We recommend you use the built-in LTXVideo nodes that can be found in the ComfyUI Manager. For manual installation information, please refer to our documentation site.
The LTX-2 codebase is a monorepo with several packages. From model definition in 'ltx-core' to pipelines in 'ltx-pipelines' and training capabilities in 'ltx-trainer'. The codebase was tested with Python >=3.12, CUDA version >12.7, and supports PyTorch ~= 2.7.
git clone https://github.com/Lightricks/LTX-2.git
cd LTX-2
# From the repository root
uv sync
source .venv/bin/activate
To use our model, please follow the instructions in our ltx-pipelines package.

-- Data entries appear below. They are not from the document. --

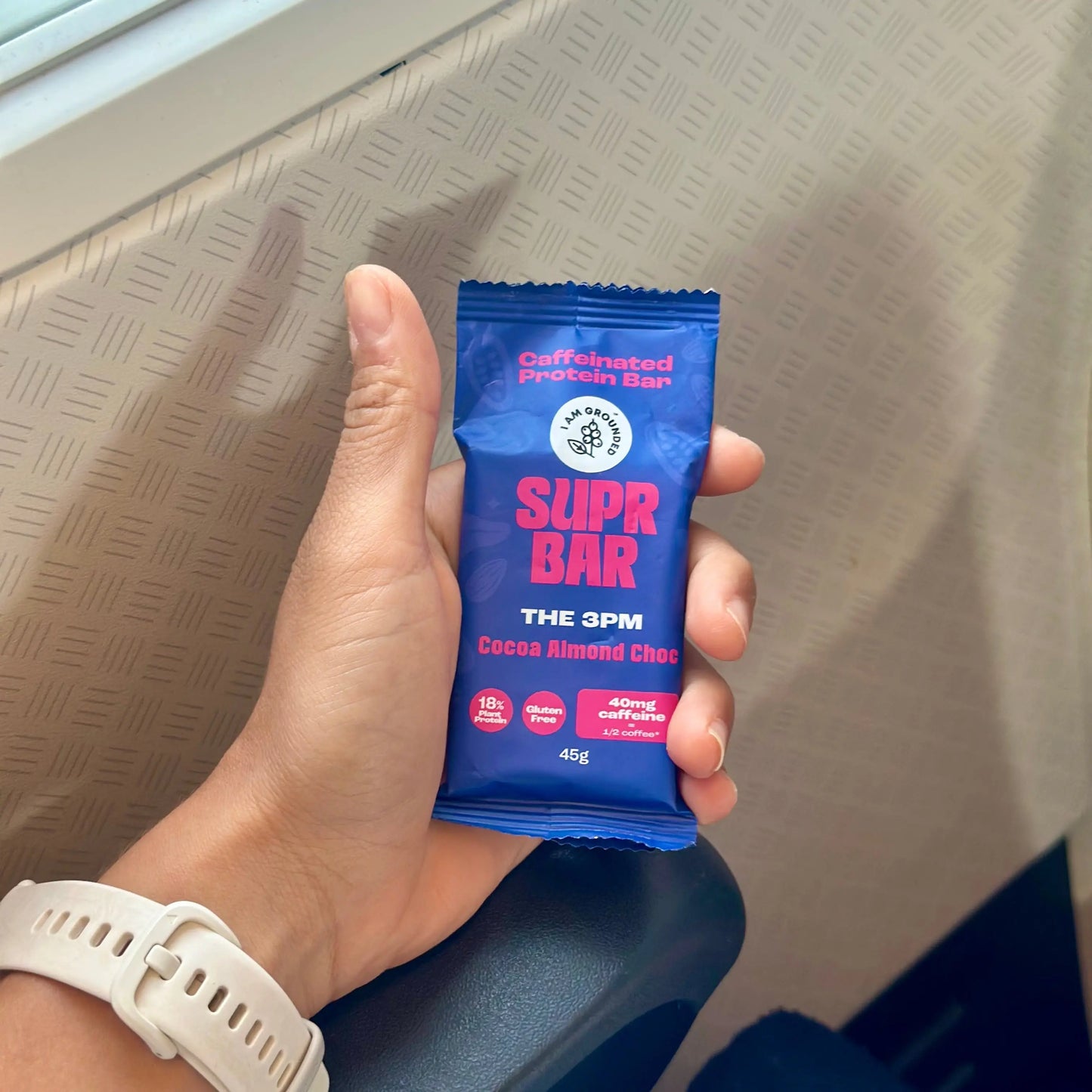 Hand holding a blue Super Bar packaging in an airplane seat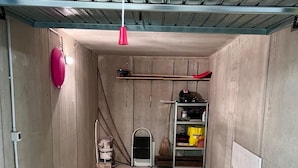 Une pièce avec un sol en béton, un plafond en métal, un luminaire rouge, un balai, une porte blanche et une étagère contenant divers objets.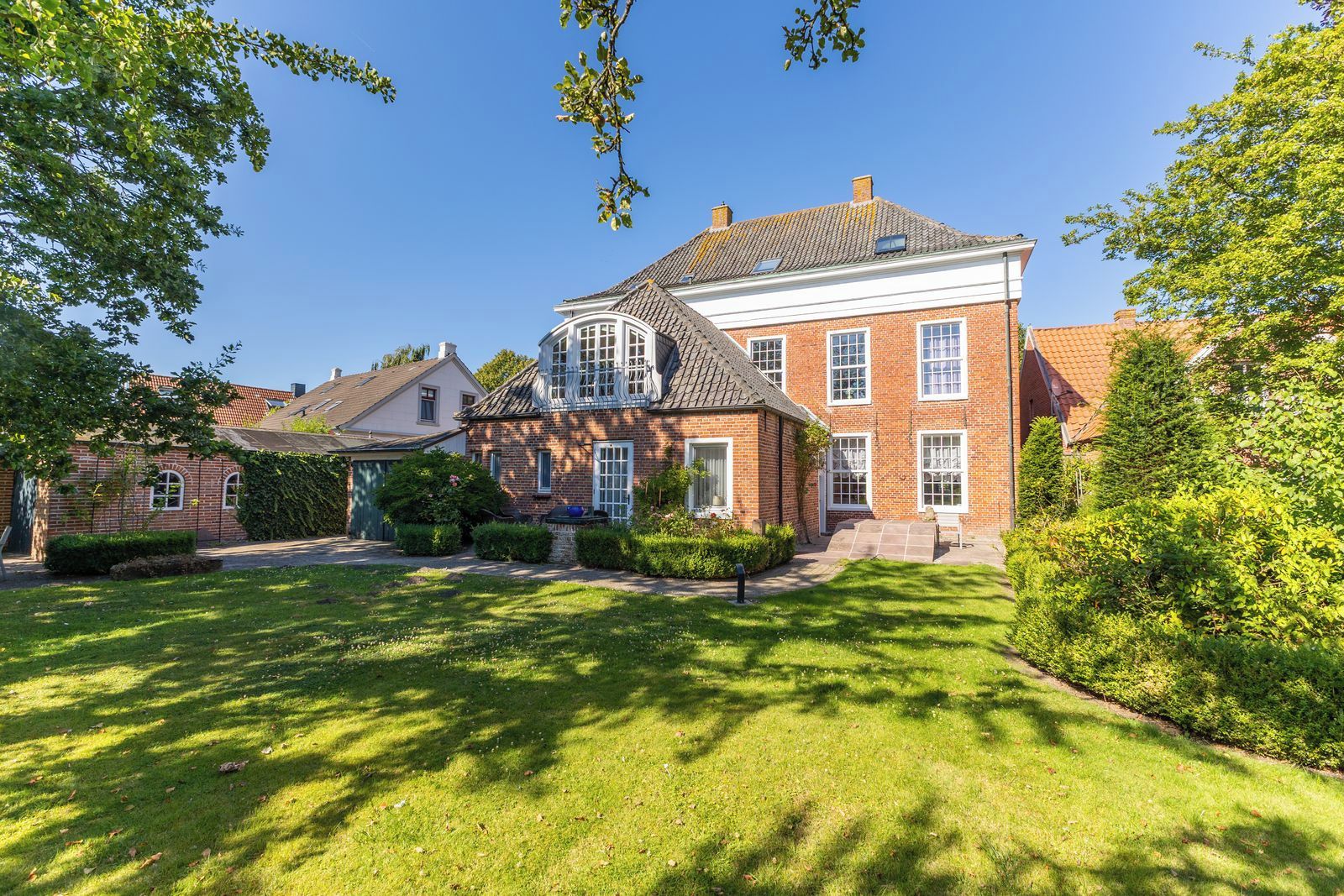 Une grande maison en briques, dotée d’une pelouse bien entretenue et d’un petit jardin.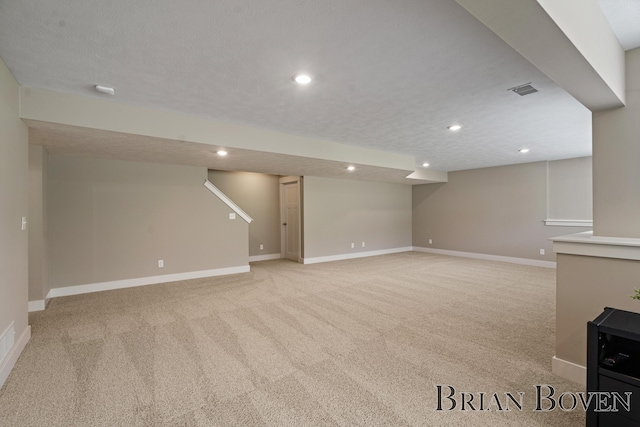 9633 Waterstone Dr, Byron Center, MI 49315 - finished basement featuring light colored carpet and recessed lighting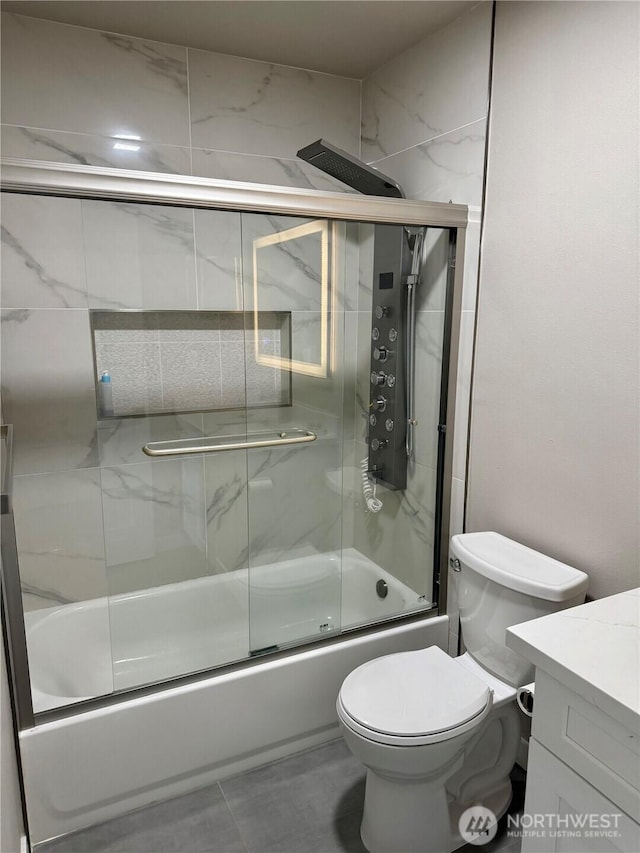 full bathroom with toilet, shower / bath combination with glass door, and vanity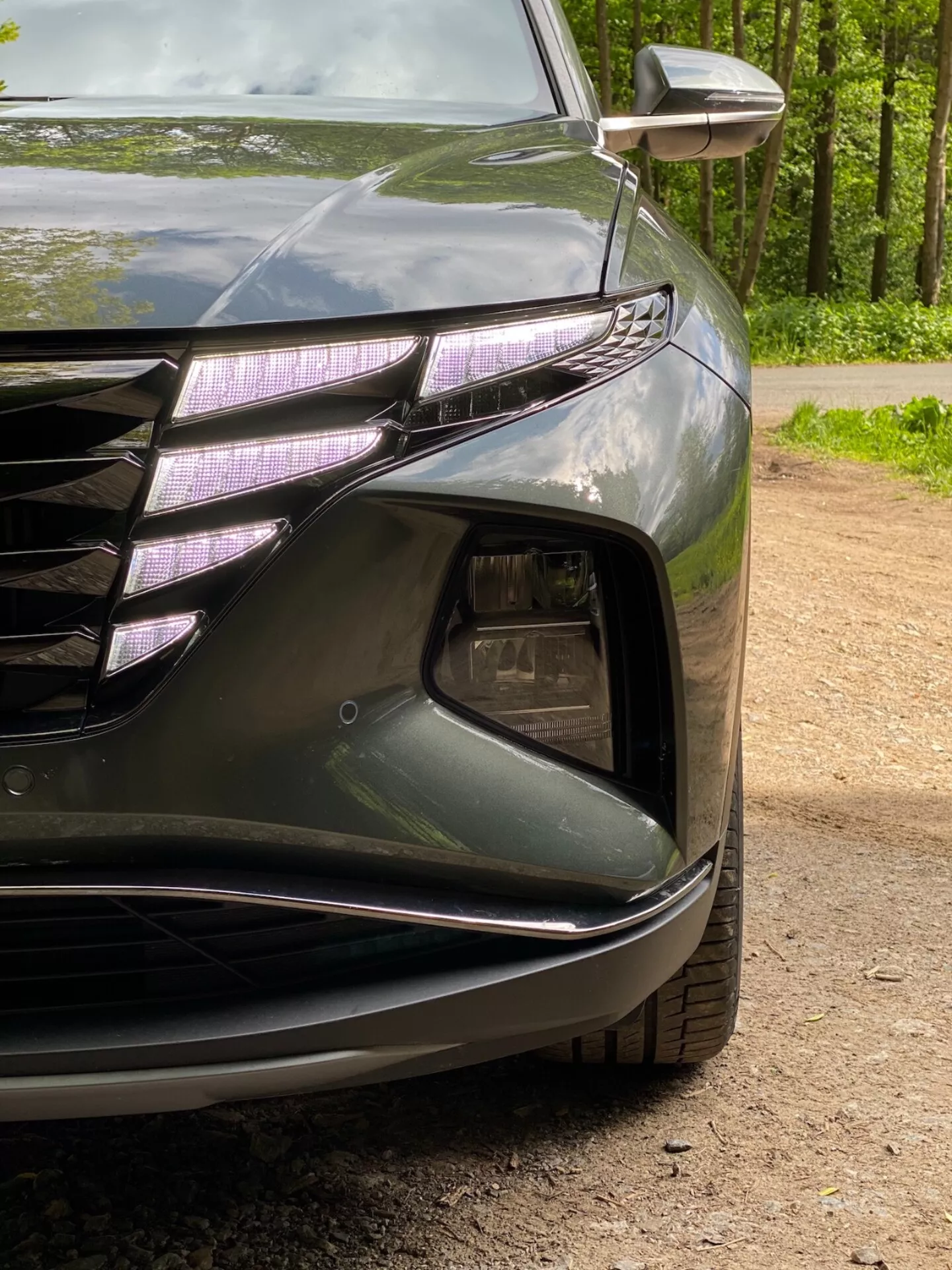Vista ravvicinata dell'angolo anteriore sinistro di una Hyundai Tucson 2020 1.6 T-GDI Pure, che mostra il faro con luci diurne a LED e lente stile proiettore, parte della griglia anteriore con linee orizzontali e accenti cromati, sezione di presa d'aria con alloggiamento per fendinebbia, paraurti anteriore scolpito con linee fluide e indicatore di direzione integrato nello specchio esterno. La vernice scura e lucida enfatizza le curve aerodinamiche della vettura.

LTX-2 is supported in the Diffusers Python library for image-to-video generation.
The base (dev) model is fully trainable.
It's extremely easy to reproduce the LoRAs and IC-LoRAs we publish with the model by following the instructions on the LTX-2 Trainer Readme.
Training for motion, style or likeness (sound+appearance) can take less than an hour in many settings.